We are updating the requirements for Community registration. As of 7/21/21 all users will be required to register a phone number with their My Alteryx accounts. If you have already registered, you will be prompted on your next login to add your phone number.

Data Science

Machine learning & data science for beginners and experts alike.
JeffA
Alteryx
Alteryx

Welcome to the Jupyter Flow Basics guide! If you're well versed on Jupyter and python virtual environments, you may consider the Jupyter Flow Help docs instead, which cuts straight to the chase. Or you may want to skip to section V in this guide! Visit Introducing the Jupyter Flow tool for an introduction to the tool and it's capabilities.

 

Here you will learn how to install Python, manage virtual environments, create and integrate Jupyter notebooks into Alteryx workflows, export and share those workflows, and run them on Server. Sections I through IV are intended for users who have no experience with python, virtual environments, Jupyter, or creating Jupyter notebooks.

 

Before starting this guide, make sure you have Alteryx Designer version 2020.4 or later, and have installed Jupyter Flow onto your system.

 

Note: the following guide uses Windows command line arguments. These arguments will be different depending on the operating system you’re using.

 

 

 

I. Install Python 3.8.5

You can skip this step if you already have python 3.8.5 installed, or you already have a preferred method to create python installs. Simply note that this tool has only been tested with Python 3.8.5 environments.

 

  1. Download the correct Python installer for your system

  2. Follow the instructions to install Python 3.8.5

  3. Open a new command prompt and type “python” and press “Enter”. If you get a python interpreter like this, you can skip steps 4 through 6:

    index.png

  4. Find out where python was installed

    1. If installed as a user, you may find it at "C:\Users\your_username\AppData\Local\Programs\Python\Python38\"

  5. Add this path to your user PATH environment variable

  6. If you would prefer not to add this to your PATH, simply use the full path to python for the rest of this guide.

    1. Everywhere in this guide you see the following code, replace python with your version of the full path to your installed python version (ex: "C:\Users\your_username\AppData\Local\Programs\Python\Python38\python.exe"):

      python <<some_commands>>

 

 

 

II. Create and Configure a Virtual Environment

You can skip this section if you already know how to create a virtual environment and add packages to it using pip.

 

  1. Open a new command prompt
  2. Create a new folder in which to store your virtual environments:
    mkdir my_env
  3. Navigate into your new folder:
    cd my_envs
  4. Create a new virtual environment:
    python -m venv first_environment
  5. See your new environment by listing folder contents:
    dir
  6. Install pandas package into the new environment:
    first_environment\Scripts\pip.exe install pandas
    JeffA_0-1624917968323.png

     

Note: If you would like to pass data to/from Alteryx workflows and your notebook, you will need to use pandas at this time.

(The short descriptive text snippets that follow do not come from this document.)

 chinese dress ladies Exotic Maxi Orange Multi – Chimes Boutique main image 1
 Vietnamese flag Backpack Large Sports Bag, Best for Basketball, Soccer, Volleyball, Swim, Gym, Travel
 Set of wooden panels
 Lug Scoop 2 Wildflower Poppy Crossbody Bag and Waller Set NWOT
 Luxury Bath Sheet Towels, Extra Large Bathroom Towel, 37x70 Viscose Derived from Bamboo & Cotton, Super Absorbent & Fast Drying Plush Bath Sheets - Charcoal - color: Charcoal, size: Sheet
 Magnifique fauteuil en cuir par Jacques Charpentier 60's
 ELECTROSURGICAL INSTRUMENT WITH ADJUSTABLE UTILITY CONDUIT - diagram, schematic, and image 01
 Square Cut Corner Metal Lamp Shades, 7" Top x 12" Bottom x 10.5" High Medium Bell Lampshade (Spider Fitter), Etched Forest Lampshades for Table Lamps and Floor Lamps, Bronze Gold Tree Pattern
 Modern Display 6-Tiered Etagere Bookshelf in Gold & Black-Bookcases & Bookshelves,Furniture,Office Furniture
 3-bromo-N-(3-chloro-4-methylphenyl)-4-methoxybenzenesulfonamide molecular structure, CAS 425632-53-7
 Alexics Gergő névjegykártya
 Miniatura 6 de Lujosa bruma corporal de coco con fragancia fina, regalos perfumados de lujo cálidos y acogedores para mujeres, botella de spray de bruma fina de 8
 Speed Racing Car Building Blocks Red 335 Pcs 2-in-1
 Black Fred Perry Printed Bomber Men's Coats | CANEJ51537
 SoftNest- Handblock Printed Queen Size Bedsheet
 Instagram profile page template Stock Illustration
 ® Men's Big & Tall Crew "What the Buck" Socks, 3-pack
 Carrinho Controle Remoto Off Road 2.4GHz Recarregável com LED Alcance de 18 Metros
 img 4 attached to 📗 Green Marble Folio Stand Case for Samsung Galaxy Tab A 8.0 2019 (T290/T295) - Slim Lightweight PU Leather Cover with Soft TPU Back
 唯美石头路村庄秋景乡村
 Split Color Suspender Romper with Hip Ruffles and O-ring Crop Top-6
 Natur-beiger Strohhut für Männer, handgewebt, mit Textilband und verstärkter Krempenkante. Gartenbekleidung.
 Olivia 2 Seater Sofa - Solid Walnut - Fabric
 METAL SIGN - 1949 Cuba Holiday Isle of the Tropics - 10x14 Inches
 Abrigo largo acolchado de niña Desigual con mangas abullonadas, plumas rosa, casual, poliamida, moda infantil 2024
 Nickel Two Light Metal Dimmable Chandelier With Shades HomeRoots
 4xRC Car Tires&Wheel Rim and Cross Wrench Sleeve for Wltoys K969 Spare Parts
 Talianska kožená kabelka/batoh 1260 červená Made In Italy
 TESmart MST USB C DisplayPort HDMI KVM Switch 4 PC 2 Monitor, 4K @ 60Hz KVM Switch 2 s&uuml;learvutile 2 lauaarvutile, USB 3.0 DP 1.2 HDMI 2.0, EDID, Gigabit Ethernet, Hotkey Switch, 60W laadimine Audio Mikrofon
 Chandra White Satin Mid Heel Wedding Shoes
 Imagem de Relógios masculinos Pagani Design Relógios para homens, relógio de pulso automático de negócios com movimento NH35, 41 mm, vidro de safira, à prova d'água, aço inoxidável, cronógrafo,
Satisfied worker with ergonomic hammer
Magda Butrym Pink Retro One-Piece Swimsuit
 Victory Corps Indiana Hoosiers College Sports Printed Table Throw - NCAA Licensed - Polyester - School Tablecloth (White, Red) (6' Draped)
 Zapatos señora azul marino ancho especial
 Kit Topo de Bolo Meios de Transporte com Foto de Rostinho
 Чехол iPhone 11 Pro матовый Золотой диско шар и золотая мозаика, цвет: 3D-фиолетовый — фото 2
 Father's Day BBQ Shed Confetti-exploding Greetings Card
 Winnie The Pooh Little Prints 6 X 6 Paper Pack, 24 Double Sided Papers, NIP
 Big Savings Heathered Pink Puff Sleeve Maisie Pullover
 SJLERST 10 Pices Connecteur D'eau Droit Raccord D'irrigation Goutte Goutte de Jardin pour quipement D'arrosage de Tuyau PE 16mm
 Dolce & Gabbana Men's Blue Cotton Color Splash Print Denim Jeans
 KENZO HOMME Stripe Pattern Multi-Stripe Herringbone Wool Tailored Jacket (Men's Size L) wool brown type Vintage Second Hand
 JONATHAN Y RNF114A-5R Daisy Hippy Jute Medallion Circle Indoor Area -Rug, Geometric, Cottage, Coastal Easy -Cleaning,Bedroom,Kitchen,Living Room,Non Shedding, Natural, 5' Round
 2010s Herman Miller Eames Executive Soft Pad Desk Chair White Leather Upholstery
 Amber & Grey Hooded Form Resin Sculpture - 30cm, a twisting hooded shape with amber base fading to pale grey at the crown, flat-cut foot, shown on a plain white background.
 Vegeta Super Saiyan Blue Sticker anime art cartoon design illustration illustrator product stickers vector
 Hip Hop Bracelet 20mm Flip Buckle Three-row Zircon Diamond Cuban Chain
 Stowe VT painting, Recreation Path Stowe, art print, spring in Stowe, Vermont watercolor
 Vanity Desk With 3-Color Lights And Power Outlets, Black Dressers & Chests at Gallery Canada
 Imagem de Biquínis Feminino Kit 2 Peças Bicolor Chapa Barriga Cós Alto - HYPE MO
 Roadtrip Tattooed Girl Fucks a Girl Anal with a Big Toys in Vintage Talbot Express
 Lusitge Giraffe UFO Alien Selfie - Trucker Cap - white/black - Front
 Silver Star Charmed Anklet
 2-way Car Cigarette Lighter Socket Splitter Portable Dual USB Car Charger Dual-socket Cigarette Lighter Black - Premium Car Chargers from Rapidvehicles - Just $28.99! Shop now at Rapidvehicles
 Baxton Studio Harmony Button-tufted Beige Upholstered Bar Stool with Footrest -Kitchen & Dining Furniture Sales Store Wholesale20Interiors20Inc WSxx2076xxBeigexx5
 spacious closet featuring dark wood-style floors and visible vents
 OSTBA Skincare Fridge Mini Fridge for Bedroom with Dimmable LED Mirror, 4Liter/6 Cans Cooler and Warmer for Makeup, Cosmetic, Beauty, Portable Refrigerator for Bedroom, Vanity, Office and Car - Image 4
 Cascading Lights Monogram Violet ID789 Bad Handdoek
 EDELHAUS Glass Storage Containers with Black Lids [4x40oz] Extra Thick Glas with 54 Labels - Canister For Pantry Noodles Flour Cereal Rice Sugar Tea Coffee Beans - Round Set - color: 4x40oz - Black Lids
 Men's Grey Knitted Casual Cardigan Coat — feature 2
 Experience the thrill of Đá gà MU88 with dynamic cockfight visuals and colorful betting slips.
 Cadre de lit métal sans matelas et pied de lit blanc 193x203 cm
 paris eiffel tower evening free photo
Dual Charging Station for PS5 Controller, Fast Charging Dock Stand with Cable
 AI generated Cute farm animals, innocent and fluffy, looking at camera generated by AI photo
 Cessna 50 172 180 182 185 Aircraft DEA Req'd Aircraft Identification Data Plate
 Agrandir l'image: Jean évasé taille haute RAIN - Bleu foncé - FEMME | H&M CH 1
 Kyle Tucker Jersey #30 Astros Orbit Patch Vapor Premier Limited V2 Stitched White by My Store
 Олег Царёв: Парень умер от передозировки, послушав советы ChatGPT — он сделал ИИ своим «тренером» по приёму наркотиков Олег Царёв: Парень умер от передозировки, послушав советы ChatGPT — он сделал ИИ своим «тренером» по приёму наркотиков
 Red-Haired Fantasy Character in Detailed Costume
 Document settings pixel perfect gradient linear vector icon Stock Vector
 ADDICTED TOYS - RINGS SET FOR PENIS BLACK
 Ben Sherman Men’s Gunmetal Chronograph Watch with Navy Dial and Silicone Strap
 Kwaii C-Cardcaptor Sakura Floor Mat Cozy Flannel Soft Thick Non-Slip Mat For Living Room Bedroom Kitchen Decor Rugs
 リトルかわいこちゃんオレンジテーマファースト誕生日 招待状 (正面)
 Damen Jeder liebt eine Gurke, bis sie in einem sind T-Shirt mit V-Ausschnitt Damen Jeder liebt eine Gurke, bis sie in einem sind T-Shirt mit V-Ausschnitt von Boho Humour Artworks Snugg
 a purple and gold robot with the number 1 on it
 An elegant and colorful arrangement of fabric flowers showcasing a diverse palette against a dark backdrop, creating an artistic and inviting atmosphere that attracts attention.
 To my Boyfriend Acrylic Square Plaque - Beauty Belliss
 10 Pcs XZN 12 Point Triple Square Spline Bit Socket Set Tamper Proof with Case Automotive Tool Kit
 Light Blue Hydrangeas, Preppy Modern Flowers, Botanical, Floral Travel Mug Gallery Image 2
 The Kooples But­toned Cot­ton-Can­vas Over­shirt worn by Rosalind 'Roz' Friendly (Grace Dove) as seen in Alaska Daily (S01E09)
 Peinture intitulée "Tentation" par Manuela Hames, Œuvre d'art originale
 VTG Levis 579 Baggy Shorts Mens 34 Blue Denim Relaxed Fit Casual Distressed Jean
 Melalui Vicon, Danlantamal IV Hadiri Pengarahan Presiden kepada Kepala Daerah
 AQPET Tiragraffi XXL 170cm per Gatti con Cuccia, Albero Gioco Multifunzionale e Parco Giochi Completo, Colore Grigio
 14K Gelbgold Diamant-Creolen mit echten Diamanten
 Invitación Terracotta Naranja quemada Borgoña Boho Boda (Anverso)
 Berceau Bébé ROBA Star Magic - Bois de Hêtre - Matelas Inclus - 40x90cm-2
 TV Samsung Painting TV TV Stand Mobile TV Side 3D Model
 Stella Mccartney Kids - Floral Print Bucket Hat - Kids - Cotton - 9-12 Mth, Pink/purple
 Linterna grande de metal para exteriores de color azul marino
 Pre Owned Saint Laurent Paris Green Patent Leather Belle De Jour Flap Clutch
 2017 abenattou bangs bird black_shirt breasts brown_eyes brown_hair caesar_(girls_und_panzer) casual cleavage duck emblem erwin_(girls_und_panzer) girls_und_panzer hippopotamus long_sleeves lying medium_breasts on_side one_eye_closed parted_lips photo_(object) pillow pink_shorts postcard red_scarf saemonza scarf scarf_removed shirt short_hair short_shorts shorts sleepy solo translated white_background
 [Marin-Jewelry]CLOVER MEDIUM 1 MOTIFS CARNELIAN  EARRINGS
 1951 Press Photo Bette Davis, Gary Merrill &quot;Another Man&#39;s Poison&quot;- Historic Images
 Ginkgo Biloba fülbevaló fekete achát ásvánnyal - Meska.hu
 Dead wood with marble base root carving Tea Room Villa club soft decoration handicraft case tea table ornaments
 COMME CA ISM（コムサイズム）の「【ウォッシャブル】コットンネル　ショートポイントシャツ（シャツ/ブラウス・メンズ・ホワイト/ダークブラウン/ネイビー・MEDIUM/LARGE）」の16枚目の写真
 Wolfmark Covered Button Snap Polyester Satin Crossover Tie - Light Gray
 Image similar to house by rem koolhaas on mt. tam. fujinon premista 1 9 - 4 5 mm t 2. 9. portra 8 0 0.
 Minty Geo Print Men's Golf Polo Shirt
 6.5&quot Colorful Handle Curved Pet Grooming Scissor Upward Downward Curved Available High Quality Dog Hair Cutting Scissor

Notebooks can run without Pandas, but the only way to pass data in/out of a notebook currently is via pandas.

 

 

 

III. Install and Run Jupyter Notebook

You can skip this step if you already know how to use Jupyter. Simply note that DLL kernel errors may be fixable by installing pywin32==300 in the environment you use to run Jupyter.

 

 

  1. In your environment, install jupyter:
    first_environment\Scripts\pip.exe install jupyter
  2. There is currently a bug in Jupyter which can be fixed by running the following command:
    first_environment\Scripts\pip.exe install pywin32==300
  3. Open Jupyter
    first_environment\Scripts\jupyter.exe notebook
  4. If the previous command succeeded, you should see the Jupyter notebook page in your default browser:

    JeffA_0-1624913434121.png

 

 

 

IV. Create a Simple Jupyter Notebook

You can skip this step if you already know how to create and run Jupyter notebooks.

 

 

  1. Click "New" -> Python3

    JeffA_1-1624913618673.png

  2. You should now see an empty notebook

    JeffA_2-1624913688687.png

  3. Add the following code to the notebook:
    import pandas as pd
    data = pd.DataFrame({"text": ["Jupyter", "by", "itself"], "number": [1,2,3]})
    data
  4. Run the notebook. You should see something like this:

    JeffA_0-1624926541451.png

  5. In the last field of the notebook, type the following command and run the cell:
    !dir
  6. You should now see the following output. Copy the directory path and save it for later:

    JeffA_5-1624940038786.png

     

  7. Select "Untitled" at the top of the notebook to change its name:

    JeffA_2-1624933979139.png

  8. Give your notebook a name and click "Rename":
    JeffA_3-1624934022907.png
  9. Save the notebook using ctrl+s
  10. If you would like to know more about Jupyter, see the jupyter website

 

 

 

V. Run a Jupyter Notebook from an Alteryx Workflow

Summary: After specifying a notebook and site-packages, the tool will build an environment for the notebook to run in, and then run the notebook. The environment only builds the first time a new set of packages are specified, but can take some time. If the packages or versions thereof change, the environment will build again.

 

 

  1. Open Alteryx Designer and open a new workflow
  2. Find the Jupyter Flow tool in the search bar or Laboratory and drag the tool to the canvas:

    JeffA_1-1624932095715.png

  3. The bare minimum of things you must provide to the tool are the notebook and the environment packages
  4. Click the Browse button next to the "Notebook" field and paste the notebook's directory name (saved previously) into the navigation bar and press "Enter":

    JeffA_8-1624939074222.png

  5. Select the notebook previously created and click "Open":

    JeffA_1-1624934350072.png

  6. Back in the configuration pane, click the "Browse" button next to the "Packages" field. Navigate to your environment's Lib/site-packages folder and click "OK":

    JeffA_7-1624938985863.png

  7. The configuration pane should now look something like this:

    JeffA_3-1624934614362.png

  8. Run the workflow
  9. The first time Jupyter Flow runs with a new environment, you will see a message indicating that the environment is building. The amount of time this takes varies greatly depending on the size of your site-packages folder. Once your environment has been built, this step will no longer occur unless the environment changes.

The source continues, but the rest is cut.